Two thirds of households would be less likely to buy rooftop solar under a plan that could see panel owners charged for exporting energy.

That's according to a survey of more than 1000 NSW residents commissioned by the group Solar Citizens, which has opposed the plan and labelled it a "sun tax".

The proposed changes to energy market rules could see network operators levy rooftop solar owners for exporting energy to the grid at peak times, such as in the middle of sunny days.

"We fear once these charges are in place they will derail Australia's uptake of clean solar energy," Ellen Roberts from Solar Citizens told AAP.

About 2.6 million Australian homes and businesses have rooftop solar installed but that number is expected to double within 10 years.

The survey found almost 60 per cent opposition to the plan and even from respondents without panels installed themselves.

The Australian Energy Market Commission (AEMC), which makes the rules for the national electricity market, estimates households without solar could save on average $15 a year under the plan, while those with larger solar installations could lose about $150 a year.

It says if the market rules are not updated, solar households will likely face growing limitations on the amount of energy they can export as the local network reaches capacity for extra flows.

Meanwhile, the companies operating the electricity network say the rule change is needed to prevent voltage spikes and outages.

"The idea that anyone wants to throw out this rule change out strikes me as a bit silly," Energy Networks Australia chief executive Andrew Dillon told AAP.

He said it was no surprise it appeared unpopular with solar panel owners, if presented as a proposal which would cost them money.

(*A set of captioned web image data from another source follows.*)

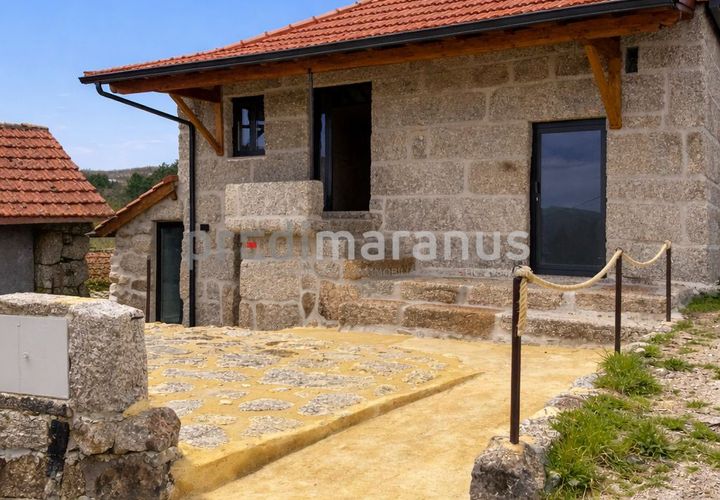Villa i Amarante, Porto, Amarante - € 150.000 | Ref: M/11350 - foto 1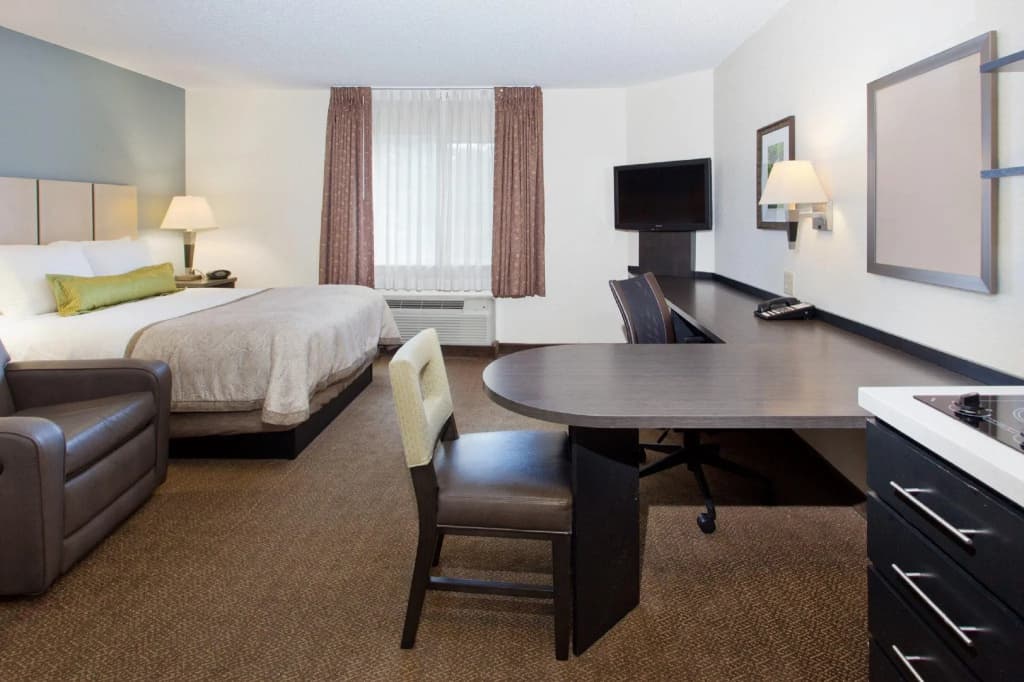 Hotel photo 7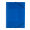 Dokumentenmappe Duppoc, blau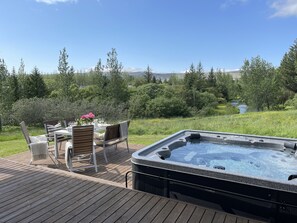 Boendeområde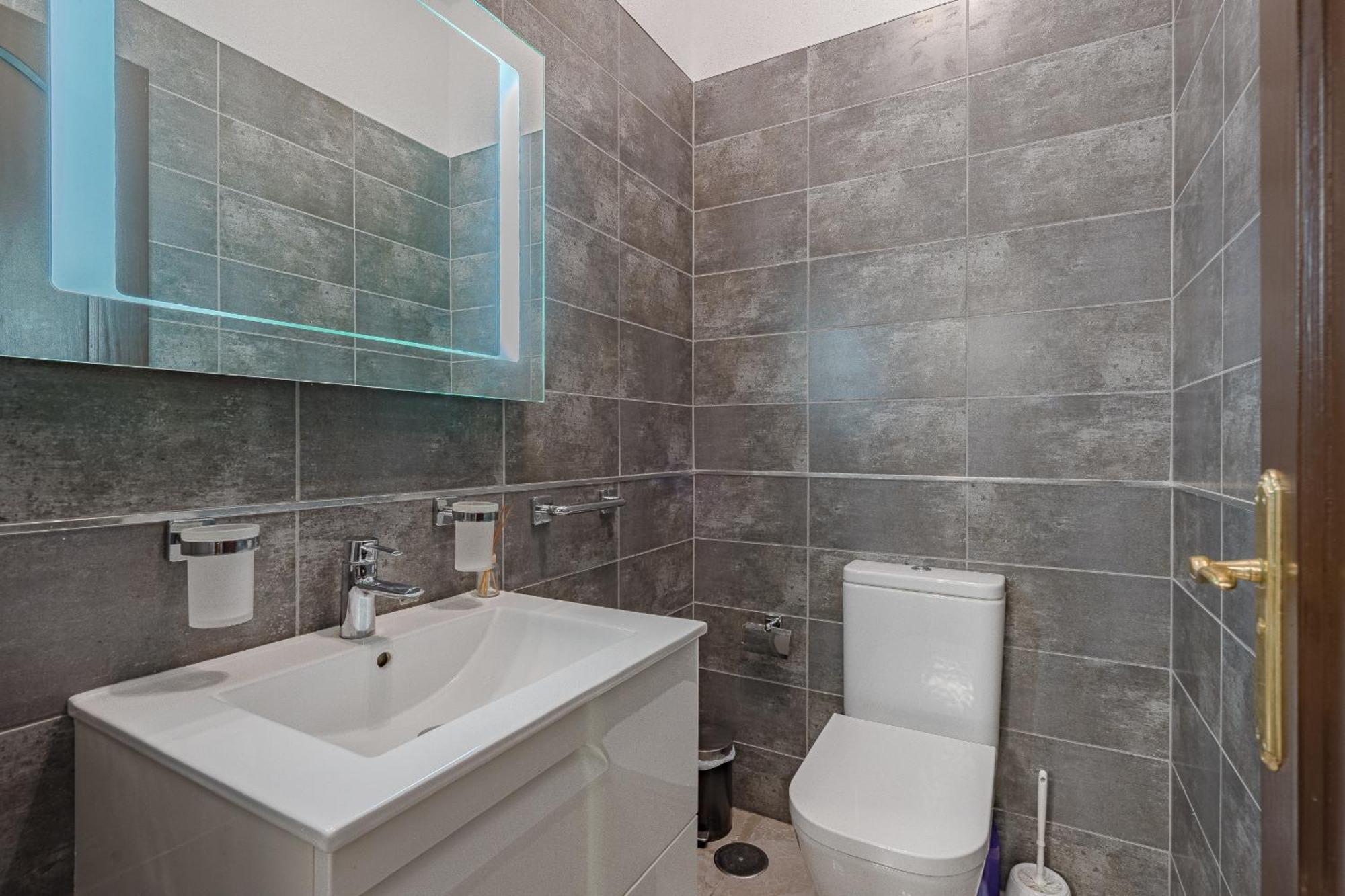 Casa Romantica Ocean View Holiday home Alcala (Tenerife)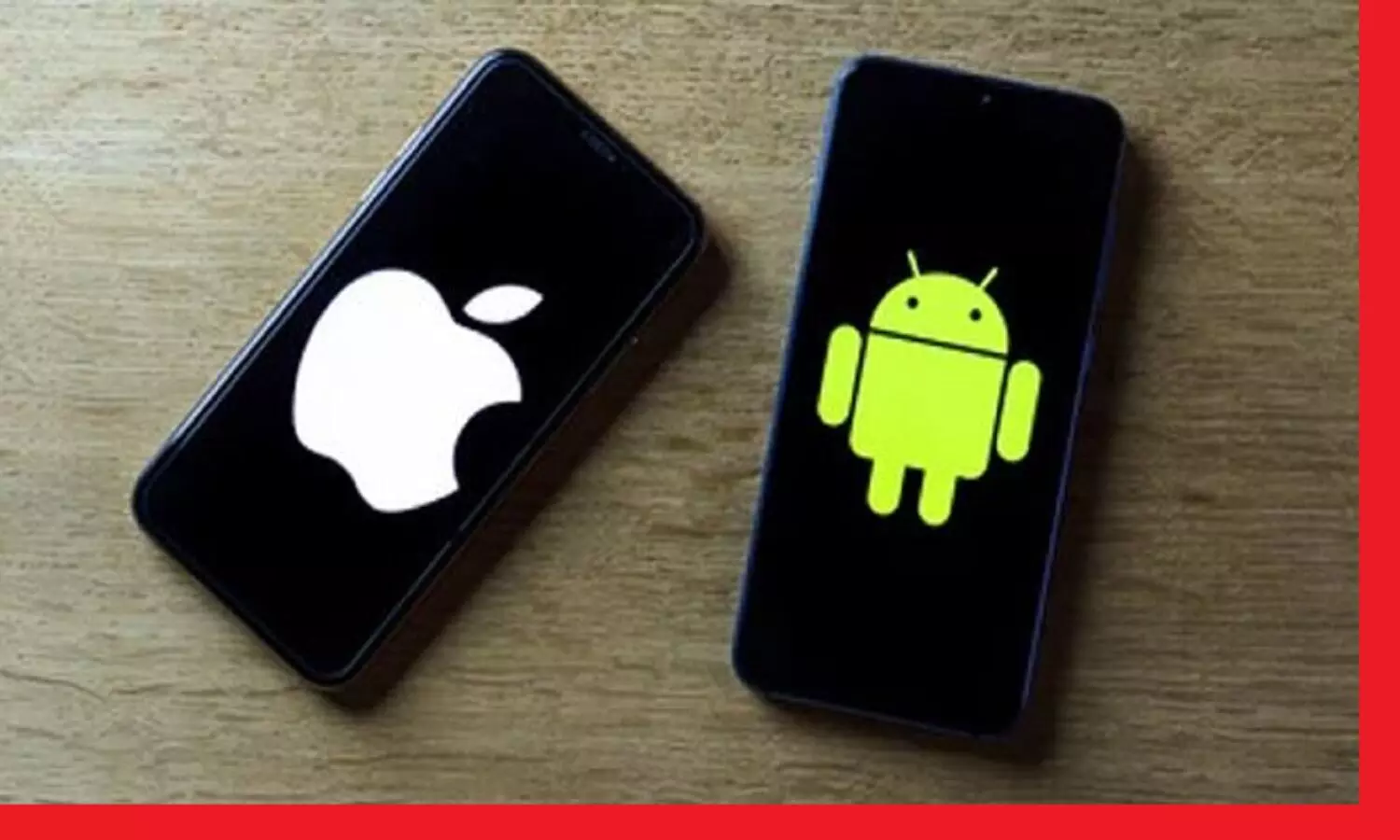 How to transfer android mobile data to apple: एंड्राइड मोबाइल का डाटा एप्पल में कैसे ट्रांसफर करें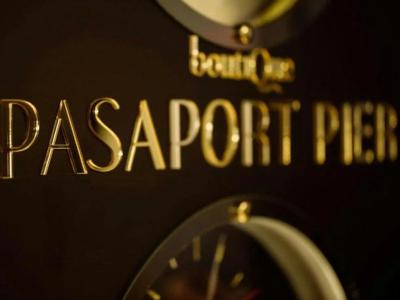 Pasaport Pier - 42
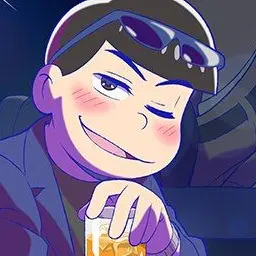 Profile image of カラ松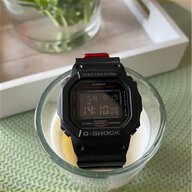 uhren herren g shock gebraucht kaufen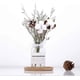 thumbnail image 5 of Getrocknete Blumen Vase Kit Weizen Tischdekoration Foto Props Hauptdekorationen Bouquet Adornos Set, 5 of 5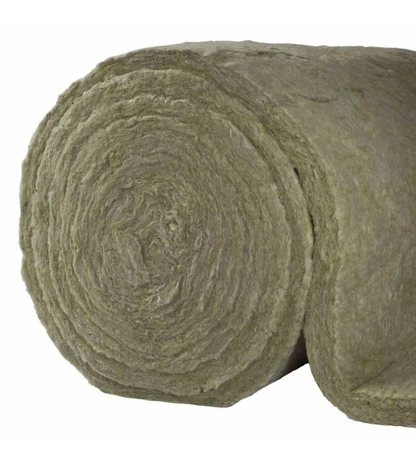 Минераловатный лёгкий мат ROCKWOOL ТЕХ МАТ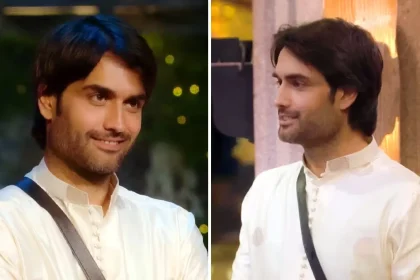 Vivian Dsena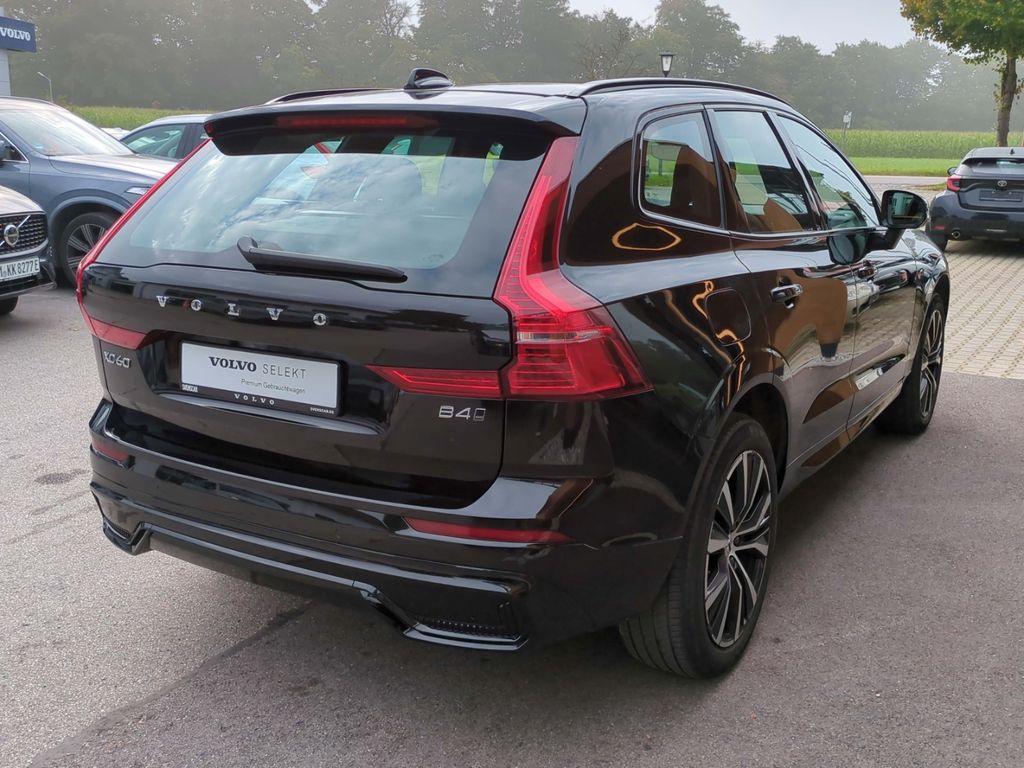 Volvo XC60 2023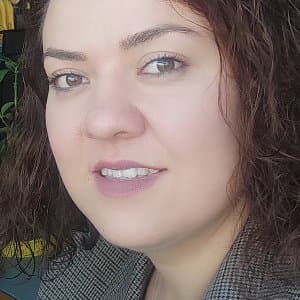 Tuğçe T. profil fotoğrafı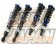 Trust Greddy Street Damper Coilover Suspension Set - CR-X EF6 EF7 EF8 Civic EF3 EF9
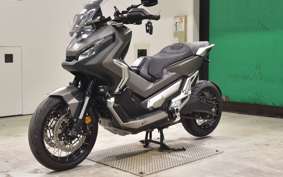 HONDA X-ADV 750 2019 RC95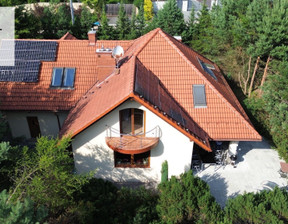 Dom na sprzedaż, Olszowice, 187 m²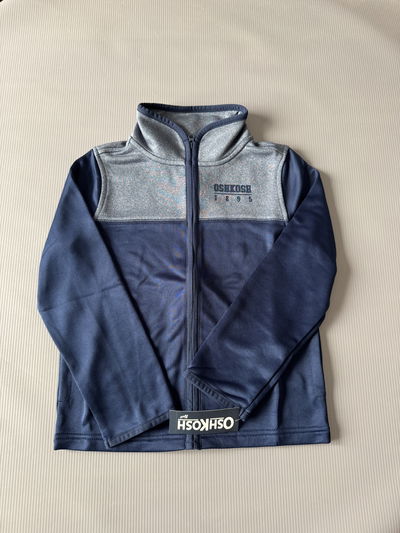 CAMPERA OSHKOSH AZUL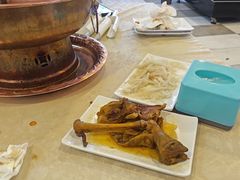 -虾大侠·盱眙龙虾老北京铜锅涮羊肉(金楠天街店)
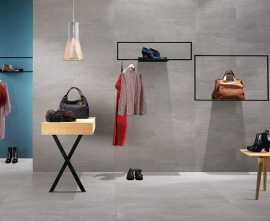 Керамогранит Metro Stone Basconi Home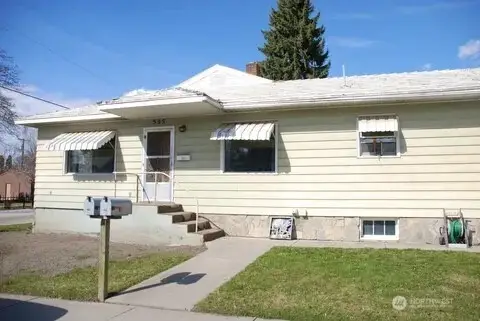 505 E Astor Avenue, Colville, WA 99114 - #1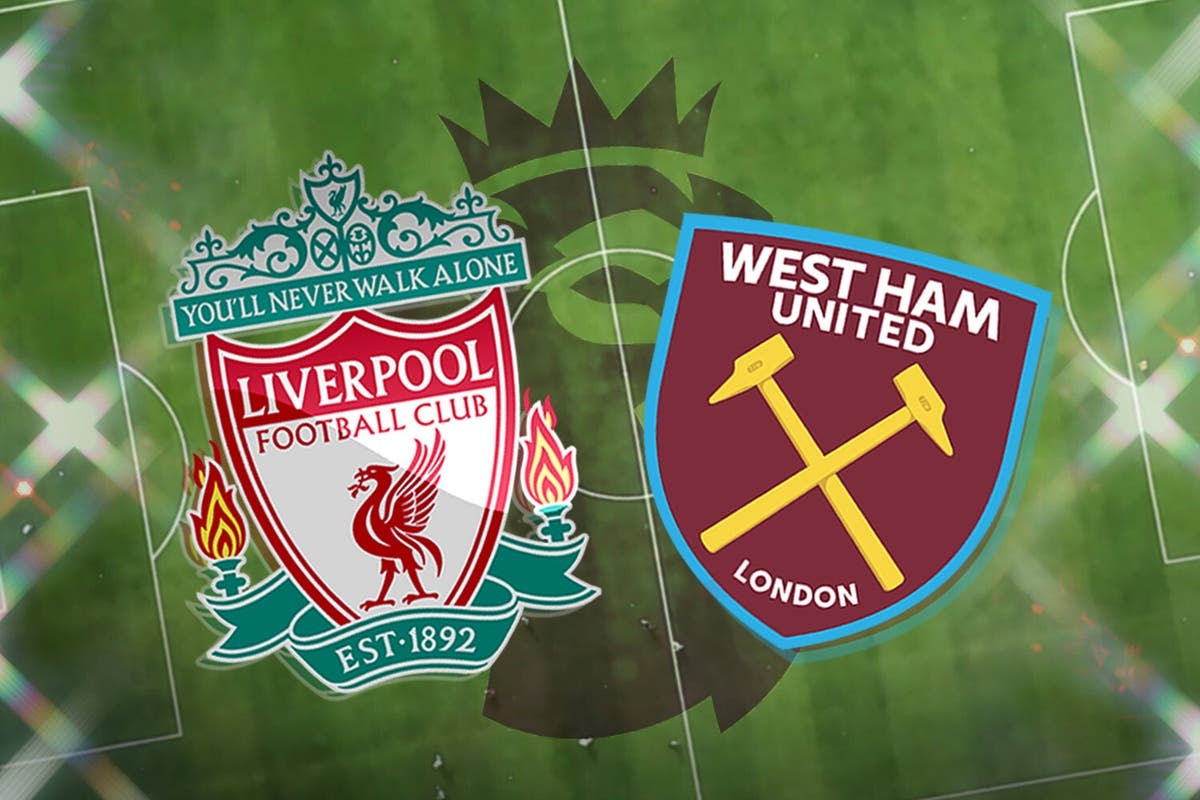Link xem trực tiếp Liverpool vs West Ham (Ngoại hạng Anh), 1h30 ngày 20/10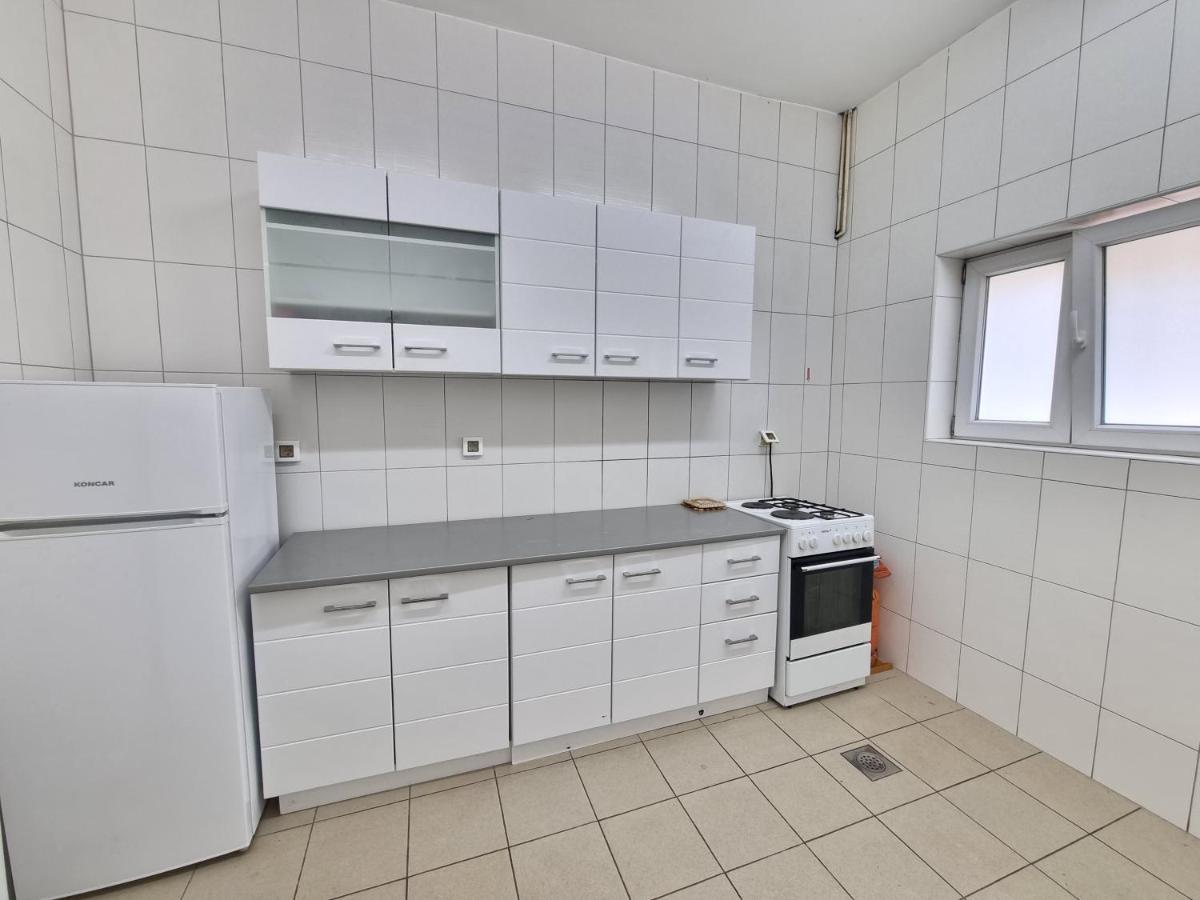 Rooms Slavica Okrug Gornji Esterno foto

But Mr Dillon said the rule change would merely recognise that the electricity grid is changing to a "two-way" grid, where energy flows to and from households.

He said providing the ability to export to the grid is actually a service network companies provide, which is not recognised by the rules governing the current market.

"The charging arrangements for exports would be balanced by payments for exports at other times," he said.

But the proposal has faced some opposition from state governments.

Queensland Energy Minister Mick de Brenni suggested the measures were an unfair disincentive for Queenslanders wanting to install solar.

"These draft rules were proposed by a privatised network in South Australia to clean up a mess that was created by mismanaged private networks," he said in a statement.

The new rules "could see a charge slapped on any household who wants to export their solar power into the grid".

The NSW government said it's talking to the AEMC.

"I don't want to see NSW households who have installed rooftop solar in good faith unfairly penalised," Energy Minister Matt Kean told AAP.

The Solar Citizens survey also revealed that of those who have solar installed in their home or business, 63 per cent voted Labor, while 39 per cent voted Liberal.

Almost half of the respondents said they would be more likely to vote for a party opposed to the rule change, while a third said their vote would note change.

Of those surveyed, 46 per cent already had solar installed, and of those who did not, almost half were already considering buying panels.

Submissions on the proposal closed in May and a decision is expected later in June.